Arco’s breath came in frenzied pants as he stood in the chapel doorway, looking up at Willie. There was no answer. Turning, he rushed to the wall and snatched down one of the sabers and began attacking the sofa pillows, the sharp edge slicing through the fabric and sending feathers up in clouds. Then, brandishing it aloft, he began hacking at the chandelier, ducking his head after each swipe, as the crystal prisms rained around him. He had signaled to Bill, who took down the other saber, and together they ran about the room, slashing at everything in sight, coming at last to the cathedral figures at the fireplace. With a wild swing of his blade, Bill struck one of the heads, spattering chips in all directions.

“Plaster?” Arco looked across the room. “Jesus, what a fake.”

“Movie magic,” Willie muttered.

They toppled the statues, and half crouched over them, wielding their blades with alternate strokes, like woodsmen, chopping; one of the heads rolled onto the floor. Its fellow soon followed, then, in turn, the arms and legs, until the dismembered trunks lay piled one on the other like a pair of decapitated corpses amid a pile of broken chips, over which hung a small cloud of plaster dust.

Exhausted, Arco flung aside his saber and threw himself into a chair, gasping with exploded passion, clutching his stomach. Bill stumbled toward the chapel, dragging his saber, the point scraping on the tiles. He stared up, dazed, at Willie on the cross, the same sheepish but crooked smile puffing up his cheeks and making his eyes small. With his uneven teeth and chopped hair, there was something macabre, dangerous, about him; utterly unlike the simple, abashed cowboy who had arrived at the door—how many hours ago?

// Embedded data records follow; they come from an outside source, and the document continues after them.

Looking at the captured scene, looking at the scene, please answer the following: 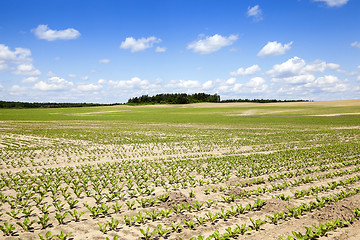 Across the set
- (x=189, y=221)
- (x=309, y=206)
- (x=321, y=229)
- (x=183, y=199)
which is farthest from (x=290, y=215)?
(x=183, y=199)

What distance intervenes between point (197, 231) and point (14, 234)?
18.4ft

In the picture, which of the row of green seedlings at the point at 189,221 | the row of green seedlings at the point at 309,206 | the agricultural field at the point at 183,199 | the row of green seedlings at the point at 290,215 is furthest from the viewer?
the row of green seedlings at the point at 309,206

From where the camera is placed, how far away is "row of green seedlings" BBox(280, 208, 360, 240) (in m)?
7.33

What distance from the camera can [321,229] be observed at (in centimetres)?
776

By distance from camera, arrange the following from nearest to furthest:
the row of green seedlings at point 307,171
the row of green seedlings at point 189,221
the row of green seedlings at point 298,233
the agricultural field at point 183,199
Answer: the row of green seedlings at point 298,233 < the row of green seedlings at point 189,221 < the agricultural field at point 183,199 < the row of green seedlings at point 307,171

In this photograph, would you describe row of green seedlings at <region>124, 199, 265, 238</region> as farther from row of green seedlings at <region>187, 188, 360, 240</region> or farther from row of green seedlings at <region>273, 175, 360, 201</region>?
row of green seedlings at <region>273, 175, 360, 201</region>

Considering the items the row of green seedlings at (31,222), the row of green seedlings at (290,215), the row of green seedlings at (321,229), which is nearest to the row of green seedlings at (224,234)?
the row of green seedlings at (290,215)

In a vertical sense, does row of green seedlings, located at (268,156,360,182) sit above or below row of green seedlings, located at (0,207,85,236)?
below

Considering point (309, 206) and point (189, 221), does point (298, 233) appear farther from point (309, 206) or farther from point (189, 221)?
point (189, 221)

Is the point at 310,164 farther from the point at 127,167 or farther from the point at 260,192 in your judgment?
the point at 127,167

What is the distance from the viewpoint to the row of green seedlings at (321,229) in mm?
7326

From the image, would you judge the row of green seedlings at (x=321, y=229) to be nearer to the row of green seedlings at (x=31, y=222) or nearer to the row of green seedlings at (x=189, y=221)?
the row of green seedlings at (x=189, y=221)

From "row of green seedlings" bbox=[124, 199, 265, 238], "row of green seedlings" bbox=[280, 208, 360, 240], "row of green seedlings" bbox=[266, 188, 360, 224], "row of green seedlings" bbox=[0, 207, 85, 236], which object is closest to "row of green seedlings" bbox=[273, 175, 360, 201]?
"row of green seedlings" bbox=[266, 188, 360, 224]

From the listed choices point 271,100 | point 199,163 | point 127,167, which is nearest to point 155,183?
point 127,167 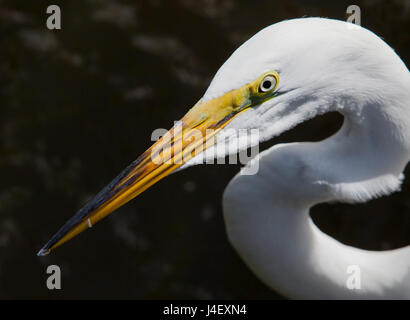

He lurched into the chapel and lolled over the altar railing, his mouth slack and wet.

“You better tell now, Willie. He’s damn mad.” Willie closed his eyes, heard only the voice. “He’s gonna hurt you, pardner. You don’t know him when he’s mad…. That out there”—he gestured haphazardly at the vandalized room—“heck, that’s nothin’.”

Willie opened his eyes and stared out at the wreckage, his gaze moving across the sea of broken glass, the toppled cage, the watery floor where fish were still expiring in nervous agitation among sodden pillow feathers. A back draft in the chimney blew ashes up in a black gust, and they settled about the room, mixing with the grayer ones that were the remains of Beetrice Marsh.

“It … doesn’t matter,” he said weakly. “Give me something … to drink … ?”

“No.” Bill went away, leaving Willie alone in the chapel. He could see their heads together in connivance beyond the back of the sofa. Someone had turned the records over: Mantovani and
Music for a Rainy Night
; appropriate. In its fetters of black tape and plastic cord his body began trembling, shaking uncontrollably. The circulation had left his arms, his legs, and he could feel his heart throbbing; nothing would quiet it. Sharp pains shot through his head. He looked at the empty place on the mantel, and the portrait above.